В православном христианстве есть феномен подвижничества и юродства Христа ради. Претерпевая в земной жизни искушения и испытания, юродивые укрепляли веру в себе и в окружающих. Подвижничество ради науки всегда показывает черты юродства, потому что возвращает парадоксальную веру в себя и в науку у других людей, даже если сам подвижник проходит через множество сомнений.
Вспоминая имена женщин-философов, мы возвращаем их в сердцевину современного научно-академического дискурса, обращая историческую память о них в знание их подвига. Мы видим подвижничество их мысли, продолжающееся и сейчас. В книге будут упомянуты наиболее яркие из женщин: о них снимает фильмы массовый и авторский кинематограф, пишут книги, статьи и сценарии. Книги же самих героинь расходятся большими тиражами как в мире, так и у нас в стране. Соблюдая историческую последовательность, упомяну мифически прекрасную Гипатию Александрийскую, Тайннеке Денис, представительниц ХХ века: Лу Саломе, Анну Фрейд, Зинаиду Гиппиус, Эдит Штайн, Симону Вейль, Симону де Бовуар, Айн Рэнд, Ханну Арендт, Джудит Батлер, Сьюзен Сонтаг и Марию Шехтман. В конце книги читатель встретится и с женщинами-философами XXI века, в том числе молодыми, но уже сделавшими немало для развития научного знания, для точного обсуждения сложнейших научных вопросов.
Представленная книга – плач по Гипатии и по судьбе многих женщин-философов. Жизнь Гипатии – это и последний античный миф, и первая легенда Средневековья, и лучший отчет о том, как много может сделать женщина в точных науках, но еще больше – в точности выражения, в точности языка, в точности педагогики. Автор дерзновенно назвала книгу «Архетип Гипатии» как ключ к априорным (предшествующим житейскому опыту) условиям понимания и восприятия истории и философии.
Архетипические образы предшествуют любым схемам логического мышления. Они укоренены в самой жизни. Архетип – типос (печать – imprint – отпечаток), как говорил сам К. Г. Юнг, это «определенное образование архаического характера, включающее ровно как по форме, так и по содержанию мифологические мотивы»[1]. Архетипы – типичные, регулярно возобновляющиеся способы понимания и принятия жизни. Гипатия как олицетворение женщины-ученого, женщины-философа явила своей жизнью смелость, принципиальность и готовность быть жертвой.

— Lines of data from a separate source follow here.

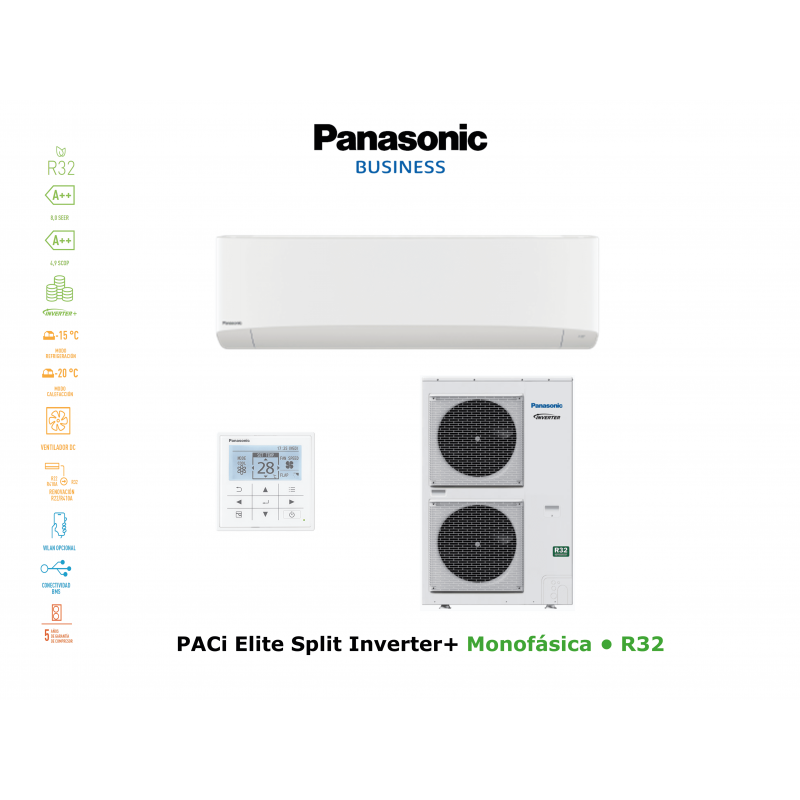 Aire acondicionado panasonic paci elite split inverter+ KIT-100PK2ZH5 blanco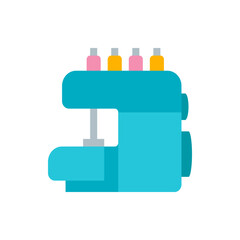Illustration of a blue sewing machine with pink and yellow spools of thread on top of the machine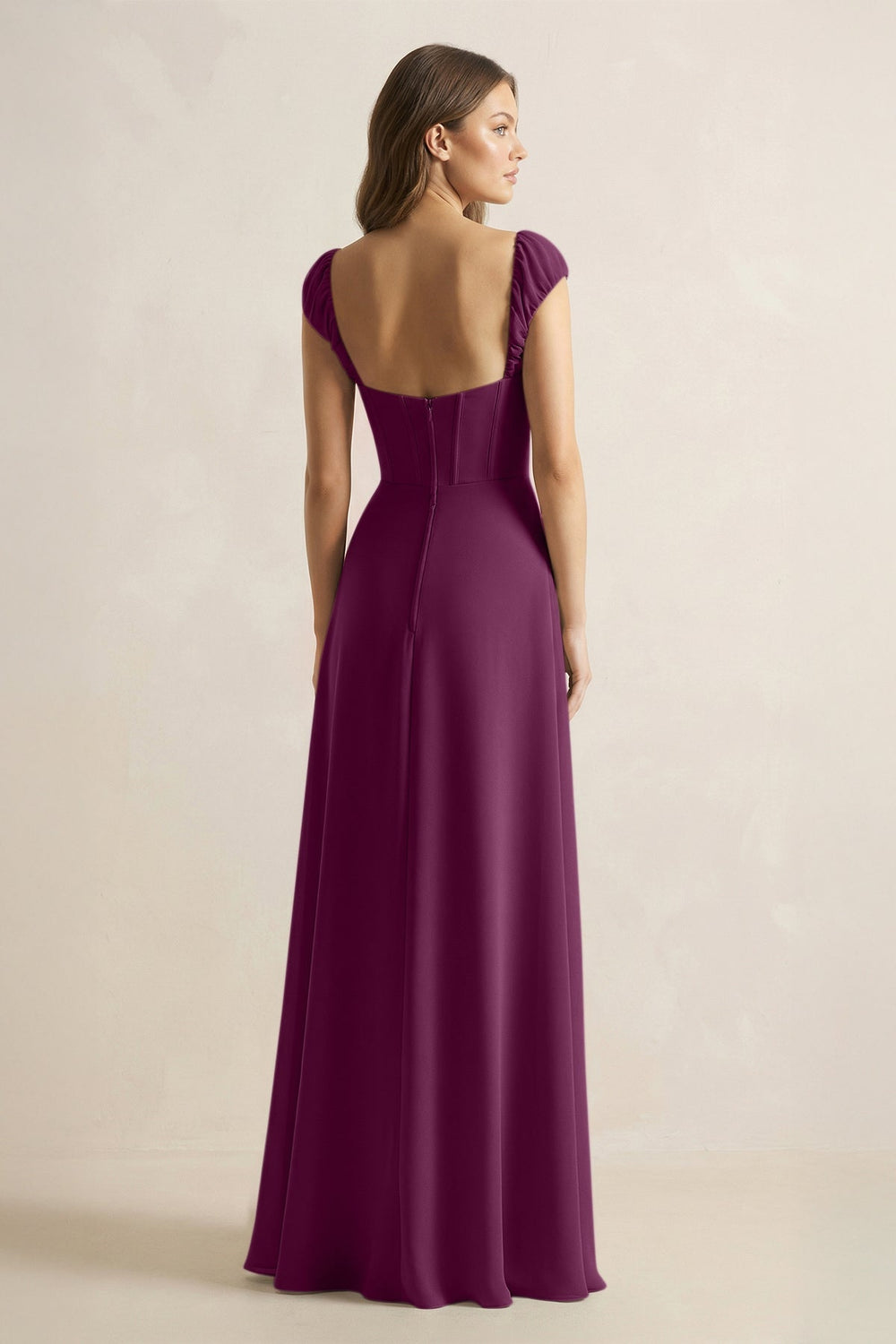 Sweetheart Corset A - Line Chiffon Bridesmaid Dress in Fig - KISS BRIDAL Bridesmaid Dresses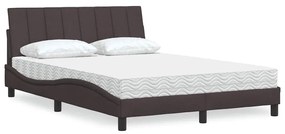 vidaXL Pat cu saltea, maro închis, 140x200 cm, textil
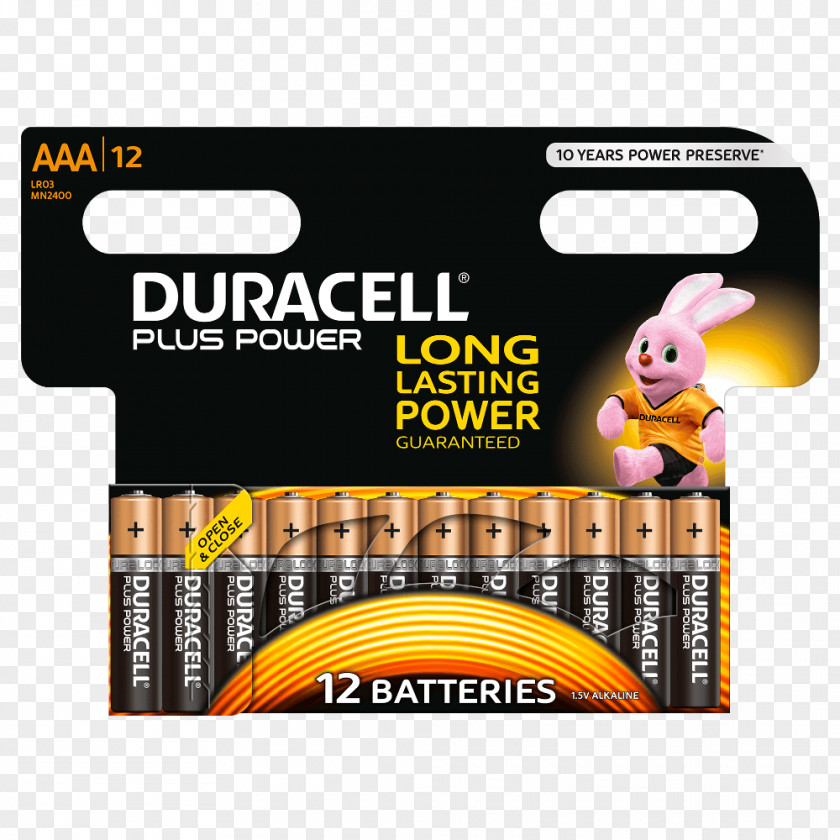 Duracell AAA Battery Alkaline Electric PNG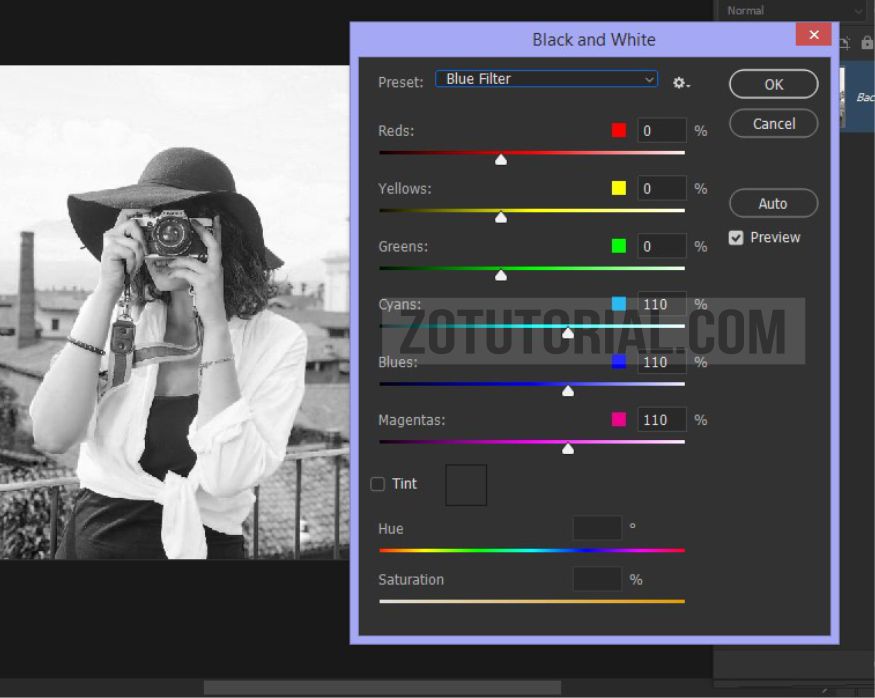5 Edit Foto Jadi Hitam Putih Menggunakan Photoshop CC/CS - zotutorial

Классификация архетипов коллективного бессознательного отзывается эхом женской натуры. Persona, согласно Юнгу, растворяется в маске, позволяющей человеку адаптироваться к окружающему миру, двоица Anima Animus демонстрирует женское в мужском и мужское в женском, Тень – темный двойник личности, вмещающий в себя отрицательные черты характера, а Самость – архетип порядка, «центр и полная окружность, которая включает в себя сознательное и бессознательное»[2]. Нельзя не увидеть что-то женственное во всем этом. Русалки, сирены, ундины, дочери лесного короля – эти женские мифологические образы пополняли запас коллективного бессознательного. Архетип Гипатии – воспроизведение исторического учреждения женской мудрости, Софии. С Гипатии начинается история философии в женских ликах, история борьбы за человечность и тяжелейших побед.
Многие из этих женщин получали всю жизнь обиды, прямые оскорбления и косые взгляды, осуждения и обвинения в ненормальности. Они действительно не соответствовали норме, так как не следовали принятому природному и социальному предназначению, но становились матерями научных открытий и любовницами научных парадигм. ХХ век был прорывом в организации высшего образования в большинстве стран. Женщин начинают признавать как мыслителей – но это только начало долгого пути к настоящему диалогу, настоящему женственному предстоянию философской истине, которое улучшает и делает более чуткими и философов-мужчин.
Глава 1
Гипатия Александрийская
Небесно в тебе все, Гипатия – речи, красота, науки мудрый свет и нежность чистая…[3]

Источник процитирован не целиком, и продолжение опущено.